=== What is required ===
All records, exactly as written, minus the pictures: copy them out.

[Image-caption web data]
BEGIN

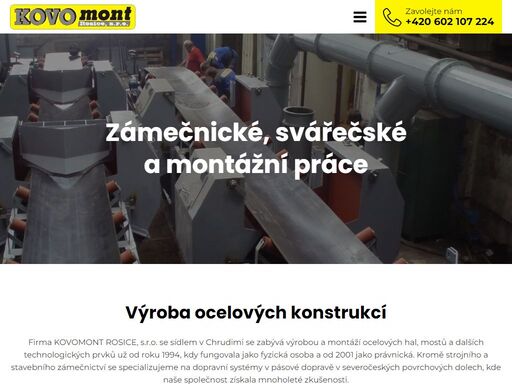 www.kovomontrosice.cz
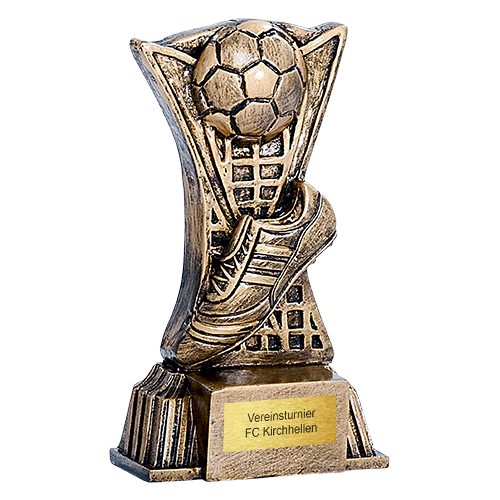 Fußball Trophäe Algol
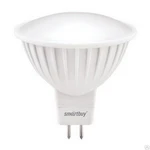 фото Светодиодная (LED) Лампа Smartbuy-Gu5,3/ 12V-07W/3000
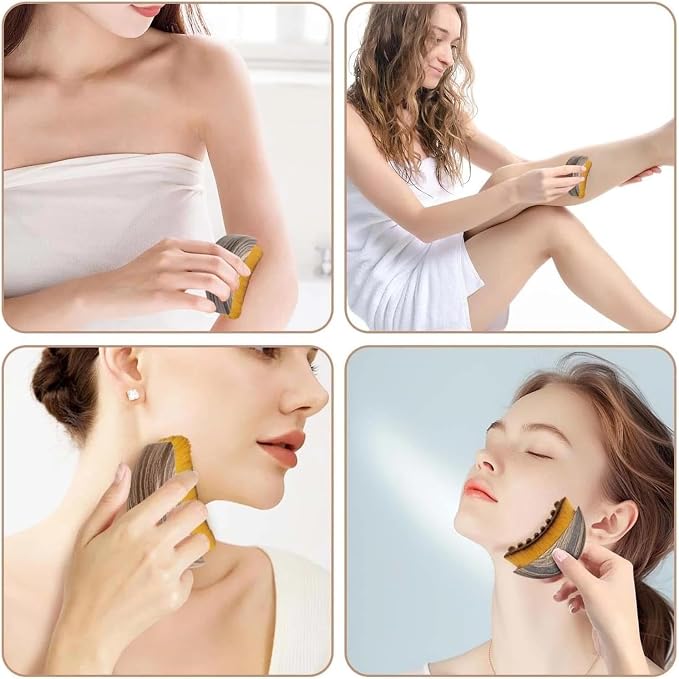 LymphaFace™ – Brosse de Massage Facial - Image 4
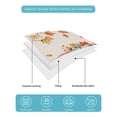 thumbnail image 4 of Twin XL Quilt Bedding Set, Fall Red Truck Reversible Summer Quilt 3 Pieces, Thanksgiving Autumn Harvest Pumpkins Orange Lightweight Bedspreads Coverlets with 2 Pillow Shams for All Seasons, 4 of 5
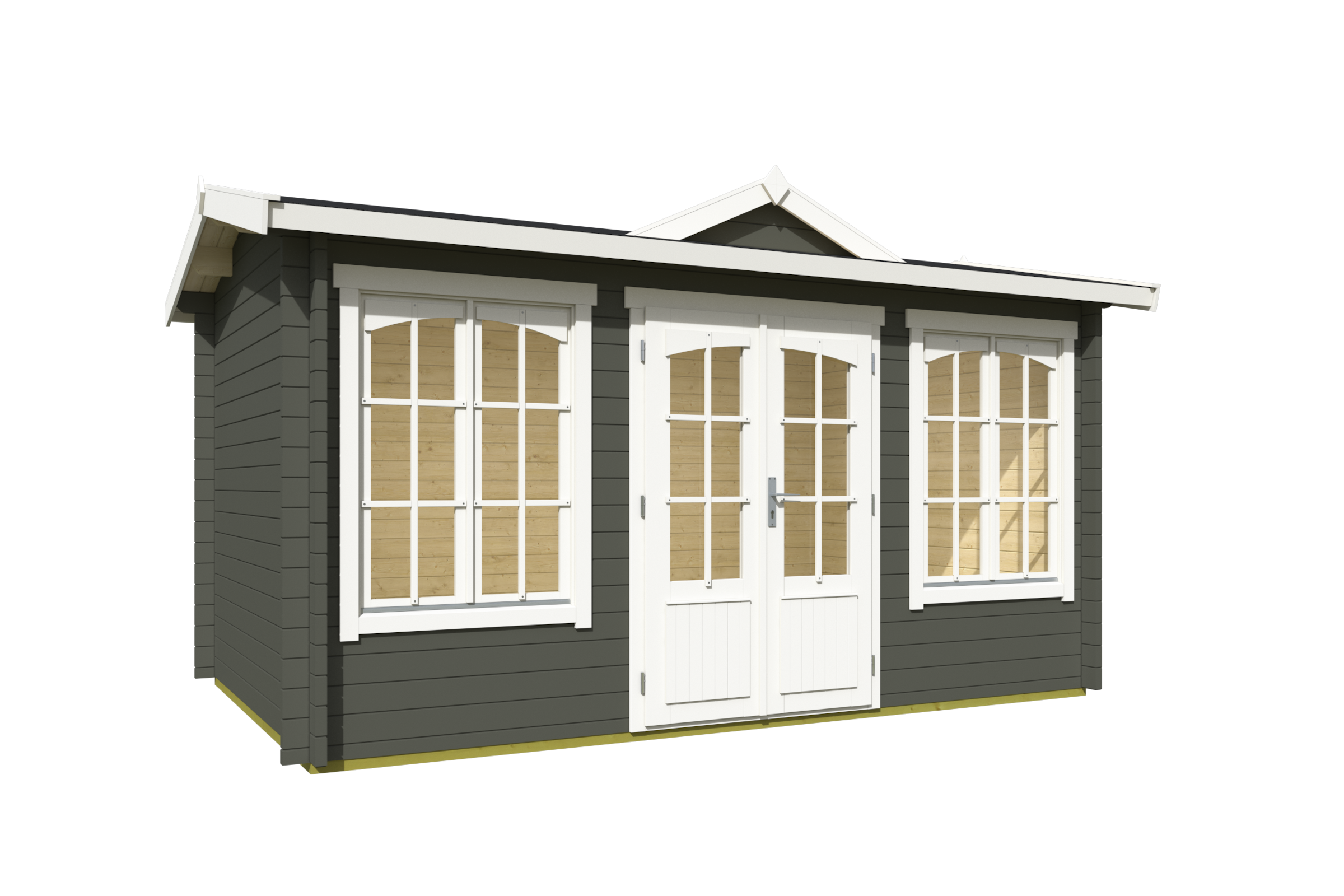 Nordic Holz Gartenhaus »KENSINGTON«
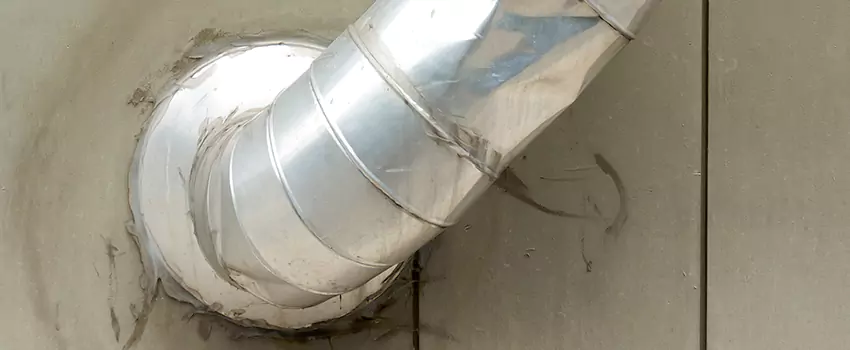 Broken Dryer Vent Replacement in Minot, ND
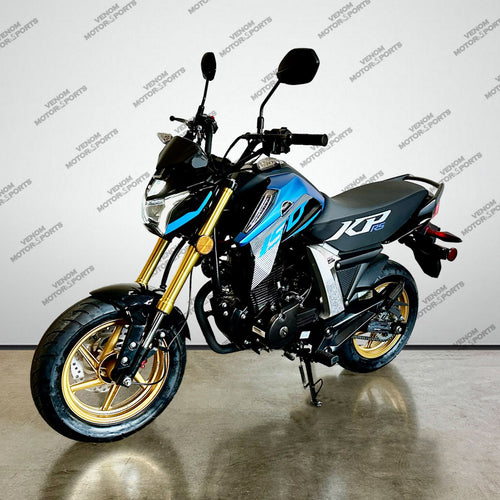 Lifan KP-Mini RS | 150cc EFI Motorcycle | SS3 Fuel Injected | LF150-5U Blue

END

=== Problem solution ===
 www.kovomontrosice.cz
 Fußball Trophäe Algol
 фото Светодиодная (LED) Лампа Smartbuy-Gu5,3/ 12V-07W/3000
 LymphaFace™ – Brosse de Massage Facial - Image 4
 thumbnail image 4 of Twin XL Quilt Bedding Set, Fall Red Truck Reversible Summer Quilt 3 Pieces, Thanksgiving Autumn Harvest Pumpkins Orange Lightweight Bedspreads Coverlets with 2 Pillow Shams for All Seasons, 4 of 5
 Nordic Holz Gartenhaus »KENSINGTON«
 Broken Dryer Vent Replacement in Minot, ND
 Lifan KP-Mini RS | 150cc EFI Motorcycle | SS3 Fuel Injected | LF150-5U Blue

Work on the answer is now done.